___ Dataset excerpt

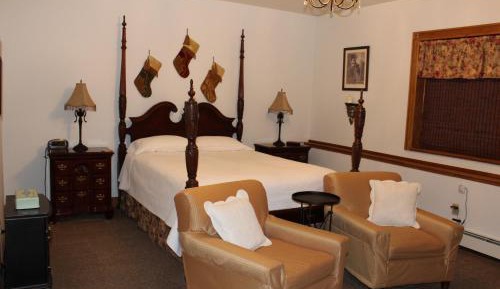 Deluxe Queen Room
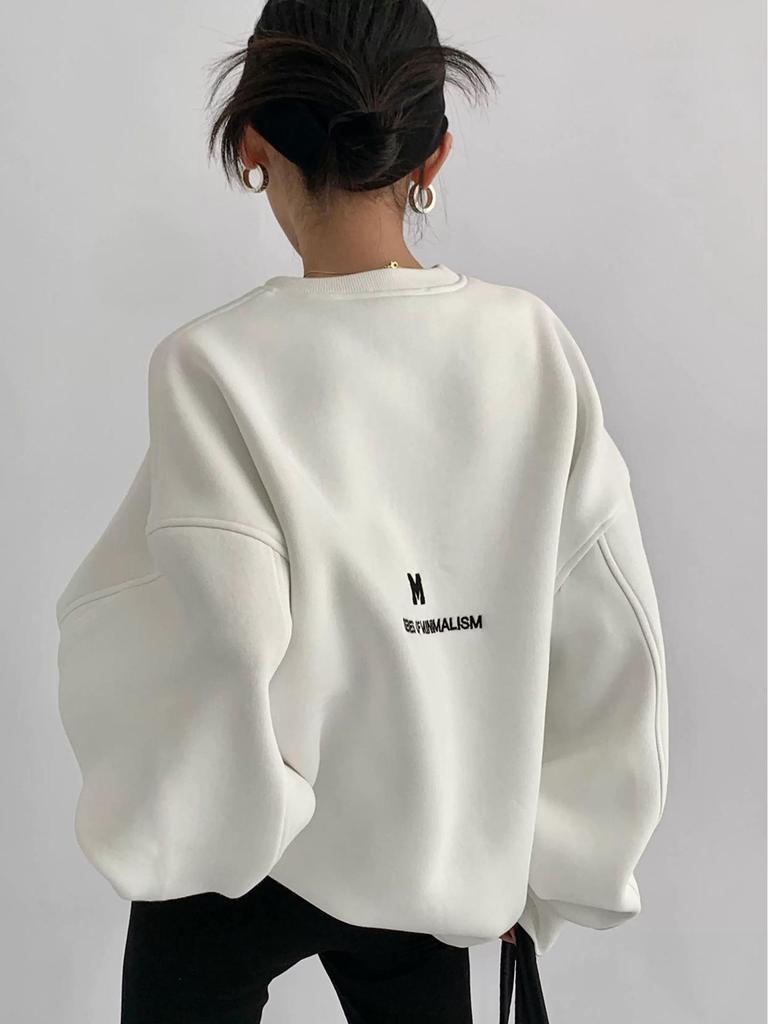 Damska koreańska minimalistyczna bluza z okrągłym dekoltem z haftem M, luźny sweter, kolekcja wiosenna.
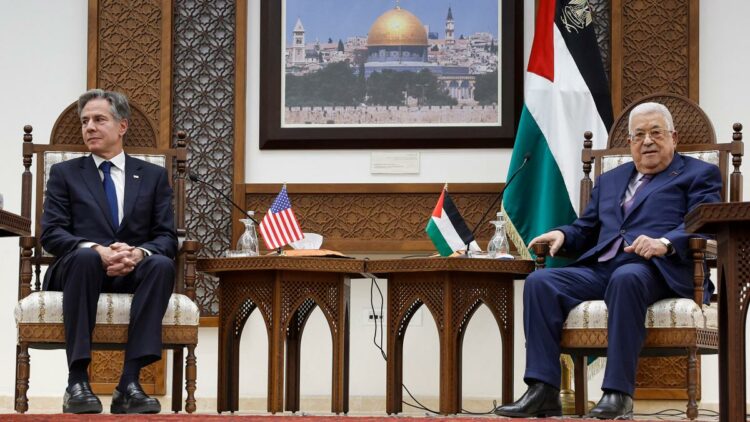 Blinken y Abbas reunidos ayer en Cisjordania para dialogar sobre la guerra.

______

» Required action: Reproduce the lines of the data that run from the one containing "Damska koreańska minimalistyczna" to the final line, both included, exactly as they appear and without the pictures.

» Exercise solution:
 Damska koreańska minimalistyczna bluza z okrągłym dekoltem z haftem M, luźny sweter, kolekcja wiosenna.
 Blinken y Abbas reunidos ayer en Cisjordania para dialogar sobre la guerra.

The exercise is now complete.